Iran's military government today ordered a ban on religious processions during next month's Moslem holy period of mourning in an attempt to head off more violent protests against Shah Mohammad Reza Pahlavi.
The government said the ban was aimed at "preventing exploitation of religious groups by those who have caused unpleasant incidents at religious ceremonies in the past."
The move seemed to set the stage for a showdown between the shah's 22-day-old military government and the Moslem holy men who have led much of the popular campaign against his autocratic rule.
Gen. Gholam Reza Azhari, the armed forces chief of staff and a staunch supporter of the Shah, was named prime minister by the monarch to restore order in this strategic and wealthy nation. Generals have vowed that the shah's 440,000-man army will "mercilessly" quell any street protests during the holy month of Moharram, which begins Dec. 2.
The ban on processions coincides with fears that more bloodshed will break out during Moharram, when religious passions in this 93 per cent Shiite Moslem nation traditionally run high. The emotional peak of Moharram is Dec. 11, when the most fervent faithful whip themselves in mourning and remembrance of Jmam Hossein, the grandson of the prophet Mohammed.

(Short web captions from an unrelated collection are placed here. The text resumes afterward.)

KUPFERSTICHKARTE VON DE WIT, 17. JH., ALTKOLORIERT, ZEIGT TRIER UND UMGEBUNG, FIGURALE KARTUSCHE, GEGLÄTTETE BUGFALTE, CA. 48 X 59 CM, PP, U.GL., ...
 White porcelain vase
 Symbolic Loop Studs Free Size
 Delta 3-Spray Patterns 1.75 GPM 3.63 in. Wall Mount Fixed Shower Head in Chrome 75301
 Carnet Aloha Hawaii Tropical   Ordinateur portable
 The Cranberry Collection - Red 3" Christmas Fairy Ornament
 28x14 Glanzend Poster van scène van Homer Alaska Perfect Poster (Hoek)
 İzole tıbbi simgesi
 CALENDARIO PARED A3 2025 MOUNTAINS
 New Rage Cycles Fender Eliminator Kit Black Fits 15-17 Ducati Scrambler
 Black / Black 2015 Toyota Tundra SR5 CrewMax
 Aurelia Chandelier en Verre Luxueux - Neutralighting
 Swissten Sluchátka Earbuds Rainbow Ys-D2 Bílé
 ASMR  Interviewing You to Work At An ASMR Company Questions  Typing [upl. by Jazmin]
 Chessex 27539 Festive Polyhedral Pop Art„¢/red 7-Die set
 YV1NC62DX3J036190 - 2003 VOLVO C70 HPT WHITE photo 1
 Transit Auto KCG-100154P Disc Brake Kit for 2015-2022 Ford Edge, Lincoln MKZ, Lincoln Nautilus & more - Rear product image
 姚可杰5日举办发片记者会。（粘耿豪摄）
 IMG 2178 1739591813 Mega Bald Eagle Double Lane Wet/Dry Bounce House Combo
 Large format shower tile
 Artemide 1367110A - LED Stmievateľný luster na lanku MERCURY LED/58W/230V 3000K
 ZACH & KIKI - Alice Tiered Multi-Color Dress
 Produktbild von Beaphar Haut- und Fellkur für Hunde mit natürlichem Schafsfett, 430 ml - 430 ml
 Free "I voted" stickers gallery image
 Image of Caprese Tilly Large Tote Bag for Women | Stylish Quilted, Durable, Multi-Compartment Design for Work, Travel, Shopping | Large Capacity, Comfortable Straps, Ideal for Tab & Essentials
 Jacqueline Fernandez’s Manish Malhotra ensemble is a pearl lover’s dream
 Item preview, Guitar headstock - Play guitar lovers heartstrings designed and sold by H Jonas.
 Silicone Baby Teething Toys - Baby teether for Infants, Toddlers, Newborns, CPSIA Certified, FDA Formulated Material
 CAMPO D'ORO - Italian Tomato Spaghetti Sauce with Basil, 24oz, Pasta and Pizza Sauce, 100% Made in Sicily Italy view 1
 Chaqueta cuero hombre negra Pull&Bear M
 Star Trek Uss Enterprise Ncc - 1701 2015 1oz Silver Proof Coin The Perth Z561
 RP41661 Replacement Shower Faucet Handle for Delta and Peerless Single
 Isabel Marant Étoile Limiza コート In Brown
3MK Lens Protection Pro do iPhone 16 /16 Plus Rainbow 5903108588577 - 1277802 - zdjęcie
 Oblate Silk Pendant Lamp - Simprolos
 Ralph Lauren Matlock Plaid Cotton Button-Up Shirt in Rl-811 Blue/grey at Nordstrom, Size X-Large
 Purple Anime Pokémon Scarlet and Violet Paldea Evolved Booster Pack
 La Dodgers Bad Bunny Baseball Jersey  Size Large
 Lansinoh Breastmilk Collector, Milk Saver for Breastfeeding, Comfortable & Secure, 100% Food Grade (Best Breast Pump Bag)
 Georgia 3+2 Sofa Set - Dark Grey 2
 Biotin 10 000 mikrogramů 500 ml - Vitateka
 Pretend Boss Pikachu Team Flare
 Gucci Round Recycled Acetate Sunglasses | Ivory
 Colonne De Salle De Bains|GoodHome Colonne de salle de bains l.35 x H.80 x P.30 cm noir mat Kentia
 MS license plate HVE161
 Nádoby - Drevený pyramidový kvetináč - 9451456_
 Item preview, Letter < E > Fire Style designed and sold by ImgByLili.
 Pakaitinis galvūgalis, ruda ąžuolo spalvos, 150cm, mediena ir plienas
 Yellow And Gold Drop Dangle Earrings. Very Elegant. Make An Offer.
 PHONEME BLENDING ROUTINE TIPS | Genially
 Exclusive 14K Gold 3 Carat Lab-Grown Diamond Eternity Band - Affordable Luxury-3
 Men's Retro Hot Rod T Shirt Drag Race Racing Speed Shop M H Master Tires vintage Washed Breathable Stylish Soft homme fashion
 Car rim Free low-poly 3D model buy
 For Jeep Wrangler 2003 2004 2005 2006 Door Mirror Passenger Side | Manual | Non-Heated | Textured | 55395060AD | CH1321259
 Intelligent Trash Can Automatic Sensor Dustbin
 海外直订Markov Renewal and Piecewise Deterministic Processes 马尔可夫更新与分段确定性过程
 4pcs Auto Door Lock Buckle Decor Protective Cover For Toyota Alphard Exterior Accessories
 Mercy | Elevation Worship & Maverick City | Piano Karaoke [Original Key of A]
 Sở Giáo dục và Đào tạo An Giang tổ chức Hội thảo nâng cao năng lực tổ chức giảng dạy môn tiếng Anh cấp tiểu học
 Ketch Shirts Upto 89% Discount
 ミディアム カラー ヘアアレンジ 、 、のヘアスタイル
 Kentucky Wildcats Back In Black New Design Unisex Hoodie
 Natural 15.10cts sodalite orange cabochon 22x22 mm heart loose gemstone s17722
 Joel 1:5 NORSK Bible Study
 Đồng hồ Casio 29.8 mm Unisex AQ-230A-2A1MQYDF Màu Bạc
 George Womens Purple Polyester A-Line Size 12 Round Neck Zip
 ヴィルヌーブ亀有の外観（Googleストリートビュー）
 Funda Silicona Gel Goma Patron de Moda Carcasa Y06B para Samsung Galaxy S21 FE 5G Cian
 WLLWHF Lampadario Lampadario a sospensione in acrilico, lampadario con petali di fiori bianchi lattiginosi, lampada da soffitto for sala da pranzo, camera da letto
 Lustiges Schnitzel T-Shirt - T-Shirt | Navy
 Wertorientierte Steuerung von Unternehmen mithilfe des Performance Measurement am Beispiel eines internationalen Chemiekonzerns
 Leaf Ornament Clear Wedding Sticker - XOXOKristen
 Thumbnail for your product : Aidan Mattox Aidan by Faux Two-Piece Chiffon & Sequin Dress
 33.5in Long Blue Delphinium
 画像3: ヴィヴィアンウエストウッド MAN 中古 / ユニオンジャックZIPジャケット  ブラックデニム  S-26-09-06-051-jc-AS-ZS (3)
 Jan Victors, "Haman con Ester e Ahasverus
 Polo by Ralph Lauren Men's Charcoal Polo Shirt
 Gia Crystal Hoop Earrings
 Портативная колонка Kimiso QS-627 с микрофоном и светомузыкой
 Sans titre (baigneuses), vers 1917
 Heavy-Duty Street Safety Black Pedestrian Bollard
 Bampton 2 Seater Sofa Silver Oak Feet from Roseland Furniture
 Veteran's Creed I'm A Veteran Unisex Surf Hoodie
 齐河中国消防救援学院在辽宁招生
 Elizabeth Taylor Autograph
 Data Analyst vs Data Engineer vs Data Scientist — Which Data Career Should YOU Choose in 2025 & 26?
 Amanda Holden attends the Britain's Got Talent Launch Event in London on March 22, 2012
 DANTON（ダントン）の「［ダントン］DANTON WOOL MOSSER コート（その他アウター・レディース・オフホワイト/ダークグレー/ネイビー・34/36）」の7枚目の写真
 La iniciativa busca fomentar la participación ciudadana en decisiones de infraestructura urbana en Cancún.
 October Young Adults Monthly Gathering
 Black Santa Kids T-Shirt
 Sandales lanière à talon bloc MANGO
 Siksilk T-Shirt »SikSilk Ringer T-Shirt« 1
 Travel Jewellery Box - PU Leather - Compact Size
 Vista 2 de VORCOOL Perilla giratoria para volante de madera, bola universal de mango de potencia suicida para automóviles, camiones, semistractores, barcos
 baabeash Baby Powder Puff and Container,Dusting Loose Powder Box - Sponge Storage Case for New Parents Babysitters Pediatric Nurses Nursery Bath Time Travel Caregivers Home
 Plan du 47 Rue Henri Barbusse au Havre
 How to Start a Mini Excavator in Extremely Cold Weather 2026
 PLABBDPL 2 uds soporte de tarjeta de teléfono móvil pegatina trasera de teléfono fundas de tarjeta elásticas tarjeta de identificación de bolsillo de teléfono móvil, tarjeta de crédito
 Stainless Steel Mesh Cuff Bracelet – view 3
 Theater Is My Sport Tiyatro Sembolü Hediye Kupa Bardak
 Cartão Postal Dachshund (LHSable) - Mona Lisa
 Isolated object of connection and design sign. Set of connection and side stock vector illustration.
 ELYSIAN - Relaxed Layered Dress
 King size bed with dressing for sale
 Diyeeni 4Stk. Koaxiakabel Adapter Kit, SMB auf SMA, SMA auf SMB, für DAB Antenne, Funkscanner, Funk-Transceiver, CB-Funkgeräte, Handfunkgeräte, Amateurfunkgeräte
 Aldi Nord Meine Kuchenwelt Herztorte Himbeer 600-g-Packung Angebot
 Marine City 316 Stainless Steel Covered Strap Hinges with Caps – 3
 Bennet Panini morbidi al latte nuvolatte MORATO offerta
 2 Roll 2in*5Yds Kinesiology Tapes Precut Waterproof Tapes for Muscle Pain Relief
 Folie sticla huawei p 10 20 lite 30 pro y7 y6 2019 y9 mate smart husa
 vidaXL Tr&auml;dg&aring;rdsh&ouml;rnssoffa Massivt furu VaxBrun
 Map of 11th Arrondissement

Hossein was slain in the year 641 by rival Sunni Moslems.
Ayatollah Ruhollah Khomeini, the spiritual leader of Iran's Shiite sect and the shah's bitter foe in exile in Paris, has called for street protests next month and also has urged his followers to disrupt Iran's oil industry, the basis of the nation's economy.
Khomeini and his followers criti the way the shah has tried to modernize this conservative state and are demanding that a government more attuned to Moslem tradition take his place. They have been joined in protests by the shah's political opponents, who seek reforms in his one-man rule.
Continuing tension between the military and the opposition was underlined today in a brief clash between mourners in a funeral procession and soldiers trying to enforce a ban against it. About 3,000 persons were in the procession for Ayatllah Gharavi, a religious leader who died Monday of natural causes.
Troops moved in near the main bazaar, hurling teargas grenades and firing shots.A witness said several persons were hit but he was unable to say how seriously they were hurt.
Most of the mourners scattered but soldiers armed with automatic weapons broke up small groups in narrow lanes near the bazaar.
It was the only violence reported in more than 24 hours, but wildcat strikes at the Tehran refinery shut down the capital's gas stations. The refinery, about 18 miles from the capital, has been the scene of frequent strikes by various groups of workers. Independent sources said about half the staff walked off the job, including tank truck drivers. Army personnel were expected to be moved to break the strike, as they have before.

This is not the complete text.